Sunday, February 19, 2017

Preliminary contest results

This was an interesting experiment in flash fiction. Did you like it?
A lot of you had lovely entries that weren't quite stories though.
Special recognition for using words I had to look up
AJ C. Matson 10:00am
Quiddity: the inherent nature or essence of someone or something/a distinctive feature; a peculiarity.

A gorgeous example of how rhythm is a key element of a good story
Kathy Joyce 9:52am
And hyacinths, then tulips,
Then peonies and daylilies
Roses daisies asters geraniums
Snapdragons zinnias gladiolas marigolds…

Winner of the René Magritte Award
Amy Schaefer 11:16am
I read the poem.
I read it again.
I nodded quietly to myself.
I turned off the computer.
I took my kids to the butterfly conservatory.
We had lunch with my sister and my niece.
I didn’t check my email. I didn’t read the news.
That hard fist in my chest eased a little.
Now I am going for a walk in the woods with my family.
And that is why I’m not entering the contest this week.

A gorgeous line
Shaunna 7:40pm
That night, like every other, Grace climbed into bed and pulled her grief up to her chin.

Special recognition for the perfect illustration of "what isn't said"
Sherry Howard 11:23pm
I saw Dr. Sanders—you remember him. Such good news today! He said it’ll only be a few weeks more now.

A line that is either utterly hilarious or a typo
Just Jan 6:46pm
She adjusted her dimple.

And here are the finalists

Susan 9:48am
I stumble up cracked concrete steps
to a brownstone
caught in shadow,
follow you into the house
where cobwebs drape like curtains
and dust scatters beneath our feet.

On the floor by the staircase lies a single sock,
shredded heel-to-toe,
and a birch broom stands in the corner
by the open door,
splintering at the grip.

There’s a dip in the couch cushions,
an empty wineglass on the table.

“I know this place,” I whisper.
“But it’s been so long…”
I sense the rain within me.
“Can we stay?”

You pause, hand me the broom.
“I never left,” you say.

Sharyn Ekbergh 10:40am
If you are very lucky or very good
someone like this comes into your life.

I’m not good.

pay attention
this is grass
is this grass?
how soft it is, how wonderful

this is a tree
is this a tree?
how high I can climb
watch me, how high

this is water
is this water?
how good, how sweet it is
to drink this water

pay attention!
watch me, watch me now
touch me, touch me now
love me, love me now

How I love my days here with you


there is a time bomb in my chest

Timothy Lowe 12:44pm
I loved accounting. Dimes shimmered between my fingers. I squandered my nights under LED lights, whistling as I paved a road to hell with dollar bills.

Mustang: 42,000.00
Case of bourbon: 349.99
Lady friends: 200.00/hr
Dinner at Rocco’s: 1243.60
Drinks at Tenochtitlan: 3650.00
DWI lawyer: 14,000.00
Interlock device: 200.00 a month

I paid for my mistakes. Price Waterhouse fired me. My friends deserted me. But I met someone at AA who told me that happiness is free.
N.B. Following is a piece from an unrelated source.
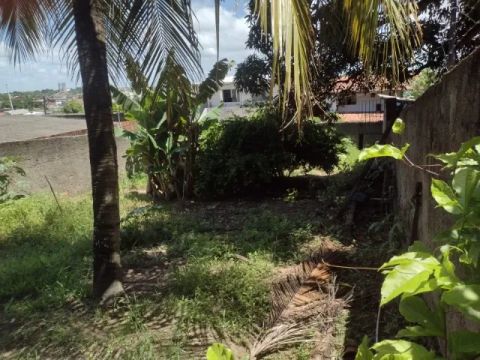 TERRENO  200 m² no bairro Fragoso - Paulista - PE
Now we have another beautiful child coming, our sixth.

But hey - who’s counting?

Kate O 3:47pm
It smells like hot garbage.
Probably because I am in the garbage.
And the day is hot.
It wasn’t always like this.
I began life on a shelf, pristine beneath my plastic packaging. My bright future as yet unspooled.
But I was bought hastily, for a child with too much already. I was one of many.
If I had a heart, it would ache.
The garbage can tips. The indignity of something sticky smearing across my face as we tumble: strawberry jam.
A dog’s hot breath, its slobbery tongue.
But also, sunshine.
And also, a child’s voice.
“Mama, look! A doll!”

Lennon Faris 4:35pm
Two saplings gaze into a pool.
“See my brawny branches,” says Oak, stretching.
“And my ample trunk,” Sycamore preens, digging roots into the Earth.
“Your bark’s like a fungus.”
“Your progeny’s the teats of a fox, who milked too long.”
Why fight? hisses Wind, joyriding between their leaves. What do you accomplish?
Ignoring Wind, Oak roars to his squirrel brigade, “Hurl my progeny at that blasphemous ogre!” Songbirds of Sycamore dive-bomb the squirrels, screaming back insults. War rages in the canopy.

Below, a beaver meanders into the glen. He builds his home.
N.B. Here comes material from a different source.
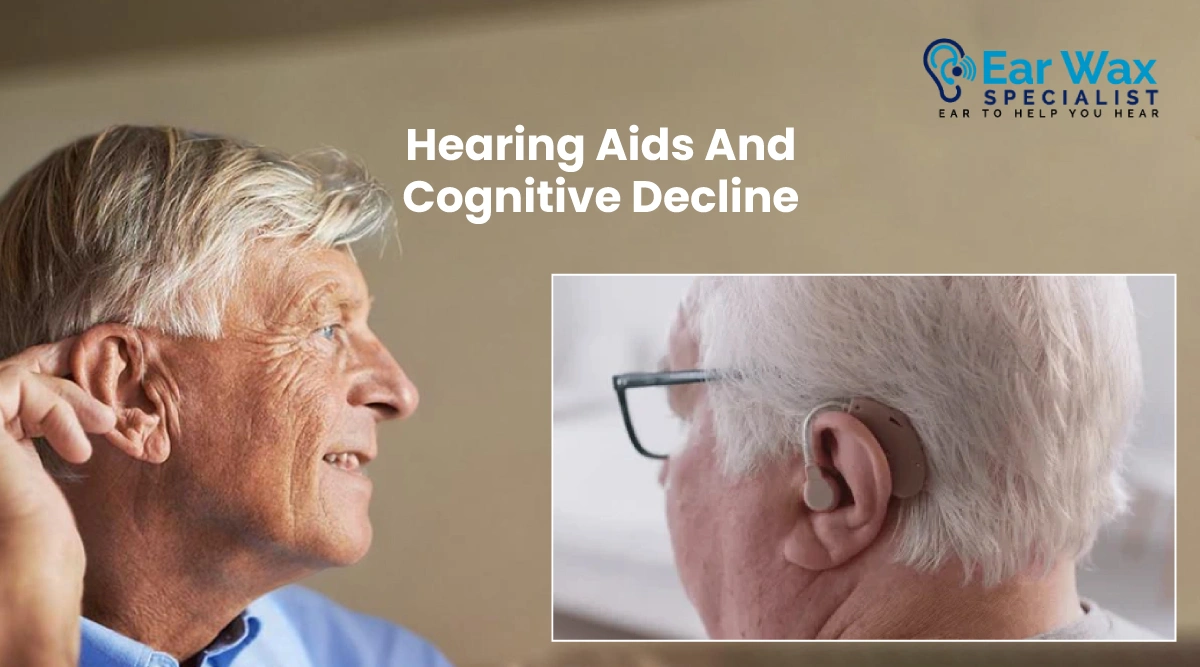 The link between hearing aids and cognitive decline – how better hearing can improve brain health.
Eventually, the silent stumps turn back into dust.

Madeline Mora-Summonte 5:01pm
The park bench is hard on Harriet's old bones. Nearby, a little girl begs her mother unsuccessfully for ice cream.

Harriet, her heart long unraveled by regret, recalls her son's voice, how it grated her nerves. She was a lousy mother. She pushed him away over and over until he stayed away on his own. If she could have another chance, she'd grab it, never let go.
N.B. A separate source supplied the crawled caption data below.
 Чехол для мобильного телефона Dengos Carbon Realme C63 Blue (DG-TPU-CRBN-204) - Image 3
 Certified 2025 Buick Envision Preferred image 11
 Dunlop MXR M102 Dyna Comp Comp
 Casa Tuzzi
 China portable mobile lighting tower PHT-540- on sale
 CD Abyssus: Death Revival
The girl wanders over. Harriet glances at the mother, focused on her cell. Harriet stands, holds out her hand. The girl takes it, weaving her fingers through Harriet's.

They walk away.

S.D.King 6:47pm
I think we drove over ninety to Ann Arbor the night he was born. First grandchild.

We were too late.

He was wrapped in a blanket at the graveside. I held him tight as they lowered her down.

“The Lord giveth and the Lord taketh away.”

He didn’t cry. I shook uncontrollably.

Months of going through the motions.

Choking despair.

Toothless smiles.


First word: Meema

He sits on the floor playing with Russian nesting dolls, endlessly stacking and restacking. Laughing at a joke only he knows.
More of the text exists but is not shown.